Complex Polynomial Inequality Verification

Definition

For $$z, a_i \in \mathbb C$$ and $$n \in \mathbb R^+$$

$P(z) = a_0 + a_1 z + a_2 z^2 + \dots + a_n z_n$

with $$a_n \neq 0$$ (i.e. has a $$n$$th term) is called a *polynomial* of degree $$n$$.

The inequality we wish to verify is

Theorem

$\left\vert\frac{1}{P(z)}\right\vert \lt \frac{2}{\vert a_n\vert R^n}$

whenever $$\vert z\vert > R$$ for some $$R \in \mathbb R^+$$. In other words, $$\left\vert\frac{1}{P(z)}\right\vert$$ is bounded above by $$\frac{2}{\vert a_n \vert R^n}$$ when $$z$$ is sufficiently large.

We proceed by abuse of algebra.

Proof

Let $$\displaystyle{w = \frac{a_0}{z^n} + \frac{a_1}{z^{n-1}} + \frac{a_2}{z^{n-2}} + \dots + \frac{a_{n-1}}{z}}$$, then $$P(z) = (a_n+ w)z^n$$. Also note that $$\vert P(z)\vert = \vert a_n + w \vert \cdot \vert z^n \vert$$. Since $$\vert z^n \vert = \vert z \vert ^n$$, we can write $$\vert P(z)\vert = \vert a_n + w \vert \cdot \vert z \vert ^n$$.

We see that

$wz^n = a_0 + a_1 z + a_2 z^2 + \dots + a_{n-1}z^{n-1}$

So by the general triangle inequality

$\vert w \vert \vert z \vert ^n \leq \vert a_0 \vert + \vert a_1 \vert \vert z \vert + \vert a_2 \vert \vert z \vert ^2 + \dots + \vert a_{n-1} \vert \vert z \vert ^{n-1}$

or,

$\vert w \vert \leq \frac{\vert a_0 \vert}{\vert z \vert ^ {n}} + \frac{\vert a_1 \vert}{\vert z \vert ^ {n - 1}} + \frac{\vert a_2 \vert}{\vert z \vert ^ {n - 2}} + \dots + \frac{\vert a_{n - 1}\vert}{\vert z \vert}$

Certainly, if we pick a large enough $$z$$, the following is true:

$\vert w \vert \lt \vert a_n \vert$

For some reason, the above will not be nearly as useful to us as the following, so that will be what we will work with.
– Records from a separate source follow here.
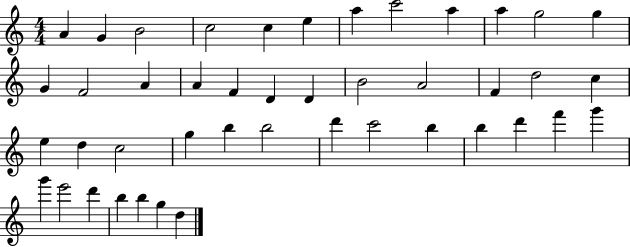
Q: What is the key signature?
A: C major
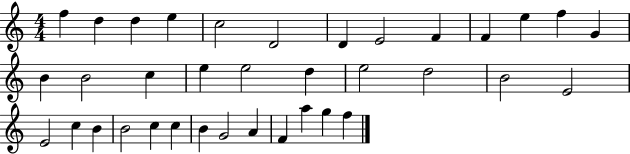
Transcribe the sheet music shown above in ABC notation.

X:1
T:Untitled
M:4/4
L:1/4
K:C
f d d e c2 D2 D E2 F F e f G B B2 c e e2 d e2 d2 B2 E2 E2 c B B2 c c B G2 A F a g f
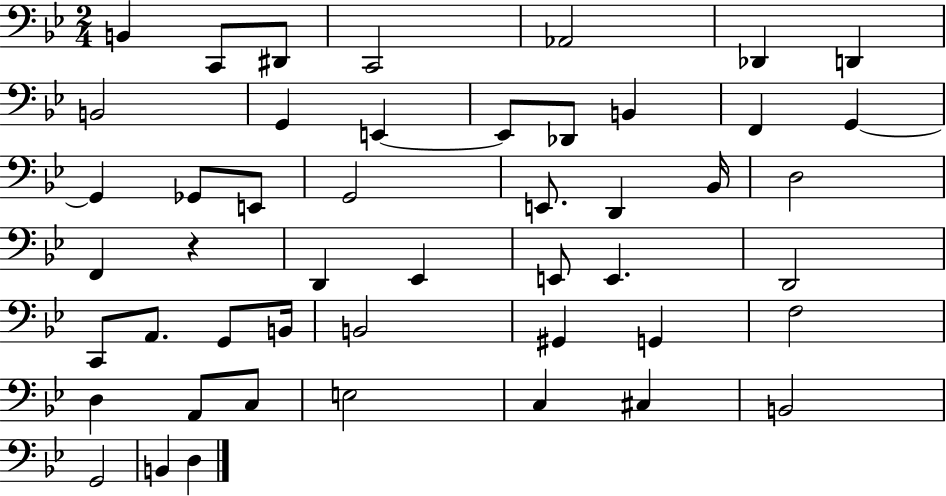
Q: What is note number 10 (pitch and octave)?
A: E2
$\vert w \vert \lt \frac{\vert a_n \vert}{2}$

That is, the $$a_n z^n$$ term asymptotically dominates the rest - for a large enough $$z$$. So by the triangle inequality,

$\vert a_n + w \vert \geq {\Large\vert} \vert a_n \vert - \vert w \vert {\Large\vert}$

Since $$\vert w \vert \lt \frac{\vert a_n \vert}{2}$$, then $${\Large\vert} \vert a_n \vert - \vert w \vert {\Large\vert}> \frac{\vert a_n \vert}{2}$$ — that is, taking away less than half of $$\vert a_n \vert$$ leaves more than half of $$\vert a_n \vert$$. So we then have

$\vert a_n + w \vert \geq {\Large\vert} \vert a_n \vert - \vert w \vert {\Large\vert} > \frac{\vert a_n \vert}{2}$

All provided that $$z$$ is of sufficient size. Since $$\vert a_n + w \vert \cdot \vert z \vert^n > \frac{\vert a_n \vert}{2} \cdot \vert z \vert ^n$$, we have

$\vert P(z) \vert = \vert a_n + w \vert \cdot \vert z \vert^n > \frac{\vert a_n \vert}{2} \cdot \vert z \vert^n$

Then, if $$\vert z \vert > R$$, we have

$\vert P(z) \vert > \frac{\vert a_n \vert}{2} \cdot \vert z \vert ^n > \frac{\vert a_n \vert}{2} \cdot R^n$

or,

$\left\vert \frac{1}{P(z)}\right\vert \lt \frac{2}{\vert a_n \vert R^n}$

And thus the inequality is verified.